Monday, August 9, 2010

Review with Cocoa


It seems that Channel Seven has had another attempt at polluting the public sphere and subjecting us to television that is well below standard. Australia’s Strictest Parents is a wild ride through the experience of two rebellious teenagers from the city as they are plunged into the “outback” and made to shovel shit and shear sheep. The narrative structure follows rather a mundane formula; teenager is naughty, said teenager is sent to outback, farmer and wife attempt to reform teenager, teenager is once again naughty, farmer punishes teenager, teenager receives letter from parent, teenager begins to enjoy shovelling shit and shearing sheep and is reformed. On the latest episode, Nathan is described as a ‘17 year old who has lost his way’, he has dropped out of school and been picked up by the police, he also enjoys long walks on the beach and martinis. Adriana, the other juvenile delinquent, is described as “a girl who is used to getting what she wants”, look out Adriana, there aren’t any malls to hang around and shout and spit at strangers in the outback! Both examples look as though they have fallen into a bath of peroxide with some of the blonde bleach obviously leaking onto their brains. Not all is lost however, in the other corner we have the Ironside family, a proud bunch of devout Christians led by dad, Mark. The Ironside’s live on a life with a main of hard work with a side of good morals. Access to music and the internet is restricted and only Christian television is to be watched on the idiot box. If this family can’t set these kids straight, nothing will. What follows is cringe worthy, I will admit for a short period I closed my eyes, blocked my ears and shouted “there’s no place like home” while rocking in a disturbed manner.

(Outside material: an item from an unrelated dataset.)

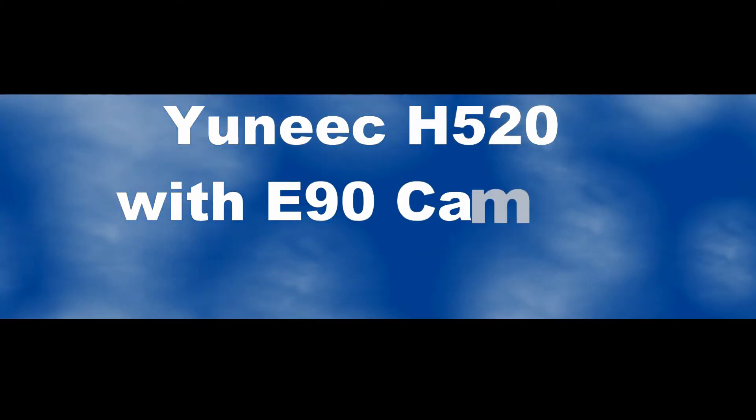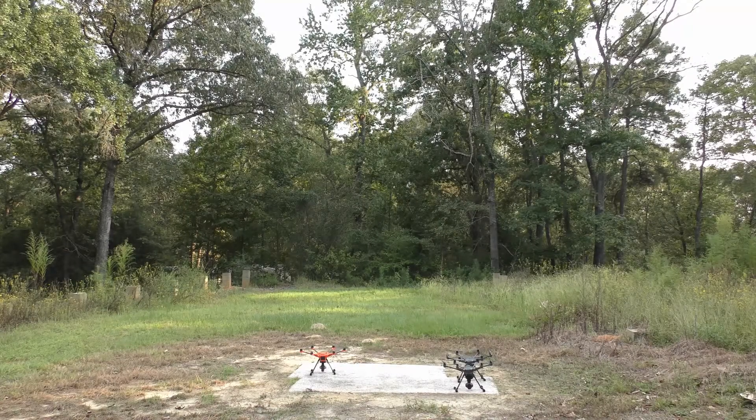Let's take a look at the unique H520 with the E90 camera today. Here is our first flight with the H520.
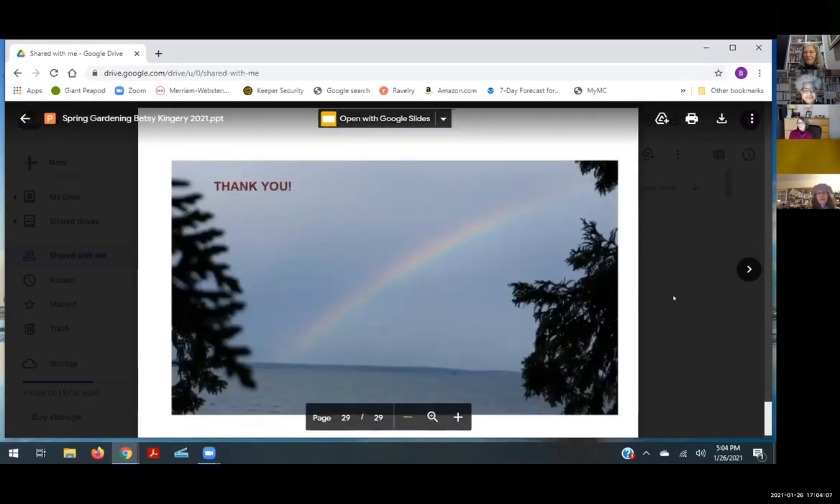Thank you very much. This is a view from my cabin in Ontario — that's Lake Huron and that's my rainbow. Thank you very much for your time and patience.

The panacea for these children’s’ woes seems to be as follows. If you are a spoilt brat from the suburbs who has everything you could want, including hair dye, and yet still insist on behaving like a baboon with rabies who enjoys smoking and wearing an i-pod, you will be punished by being followed around by a film crew while you inflict further pain by throwing your proverbial baboon poo at an outback, farming family. At one point Nathan, perhaps the worst of the two, steals the family’s car and drives off into the sunset. Mark, a tough farmer, walks about in the dirt, spitting, muttering and finally rings the police. Nathan eventually turns the car around and comes back where the punishment begins, or does it? Nathan’s punishment consists of Mark and his wife explaining to Nathan what stealing is and that in fact, driving off in someone else’s car is just that. Nathan has the very complex argument that his act of defiance was not stealing, but was ‘just taking’. Mark explains that Nathan is lucky that the local police station is manned by a scarecrow in a police uniform and thus cannot pick up a phone. All of this leads to Nathan apologising and then shovelling dog poo from under the cages where the family’s fifteen dogs are kept (animal cruelty? The dogs that is, not Nathan). Nathan is sent back to the city with a new lease on life, he now only listens to his i-pod when he is not yelling at his mother.

In essence such a shoddy show instils the good, wholesome, family values we need in such a topsy turvy world. Here are six lessons Cocoa has learnt from Australia’s Strictest Parents;

1. If you have a naughty child, send them to the outback where someone else can deal with the problem.

2. Punishment is not the answer, simply hug your child until they can no longer breath and they slip into a coma.

3. Driving off in someone else’s car is stealing and not ‘just taking’.

4. If your parents attempt to express how they feel about you in the form of written word, you will break down crying and emerge from a cocoon of obscenity to become a beautiful butterfly of understanding and sensitivity.

5. All naughty teenagers should be kept in cages in a similar vain to those in which Mark kept his fifteen dogs.

6. Mainstream music and the internet are to blame for all our youths’ woes. I have a feeling the Frankfurt School theorists would have something to say about that, however, from now on I am only listening to birds singing and watching panda bears giving birth....just to be sure.